But you cannot keep a good TV-executive down and Channel Five chief executive Gerhard Zeiler summed up the mood when he said that “as long as we do our homework, there is absolutely no reason to be anything but optimistic”.
For Zeiler, it is not a question of whether advertising will come back – he believes it will – nor even when – he says not any time soon – but more a question of how the industry adapts for the future. Channel 4 chairman Luke Johnson echoed this sentiment, speaking of adapting models, of innovation and of fresh-thinking.
But for all the talk, there was a disappointing lack of momentum towards action.
Increasingly “savage” cost-cutting and the clever use of technology was the closest we got from C4’s Johnson. Increased consolidation, enabled by relaxed regulation, was RTL’s Zeiler’s answer, along with, you guessed it, significant cost cutting. How the networks plan to charge for content remained a mystery.
But perhaps it was a bit much to expect any of them to have all the answers. ITV could be under the stewardship of ex-BSkyB executive Tony Ball within weeks. Meanwhile, C4 is in the throws of finding replacements for both Johnson and chief executive Andy Duncan. Perhaps now is not the best time to publicly commit to any strategy.

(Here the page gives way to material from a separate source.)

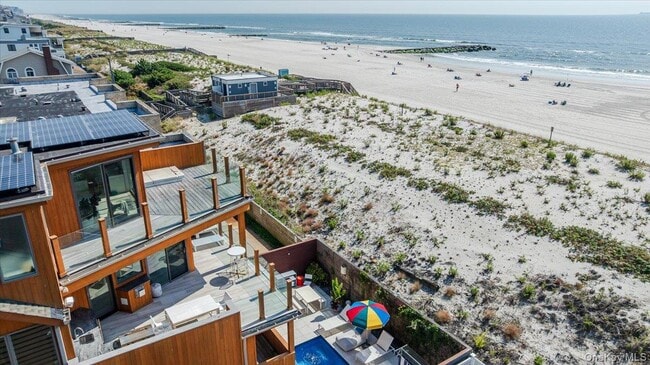 Building Photo - 11 Michigan St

Dominating events was the growing spat between the government and the BBC, with a bit of reference to BSkyB chief executive James Murdoch’s recent attack on the BBC.

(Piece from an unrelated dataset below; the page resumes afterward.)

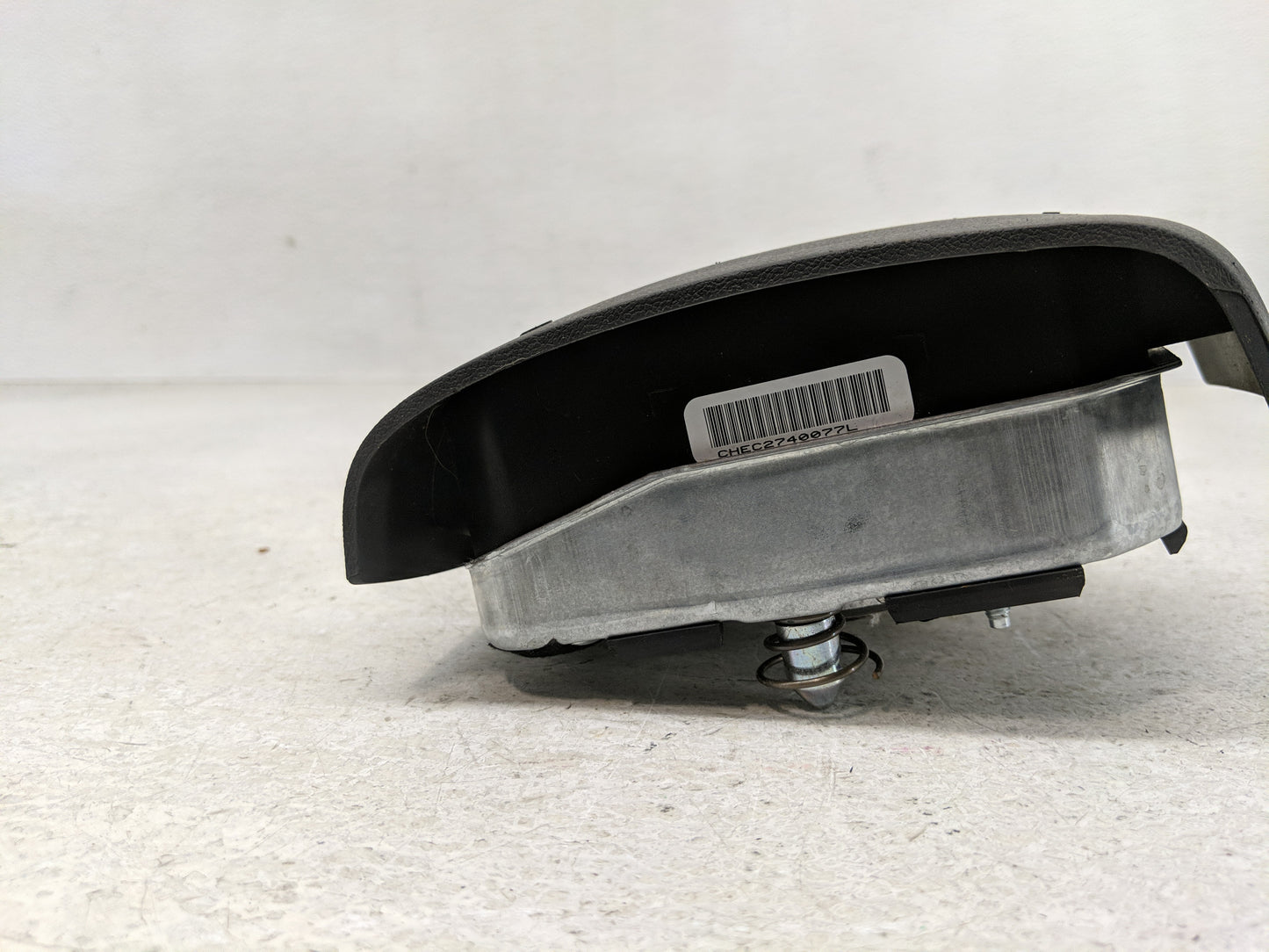 2010-2017 Chevrolet Equinox Air Bag Driver Left Steering Wheel Mounted Fits Fits 2010 2011 2012 2013 2014 2015 2016 2017 OEM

But from the ashes of political posturing, one thing became very clear: a failure by the combatants to work together to find out what the licence-payer actually wants has left the arguments of both parties looking self-serving and contrived.
It is crucial, if this “loud and bad tempered debate” (Bradshaw’s words, not mine) is ever to produce results, that a truly independent body be appointed to gauge the views of the people both the BBC and the government claim to serve. And, for this particular task, I would argue that the BBC Trust is just not independent enough.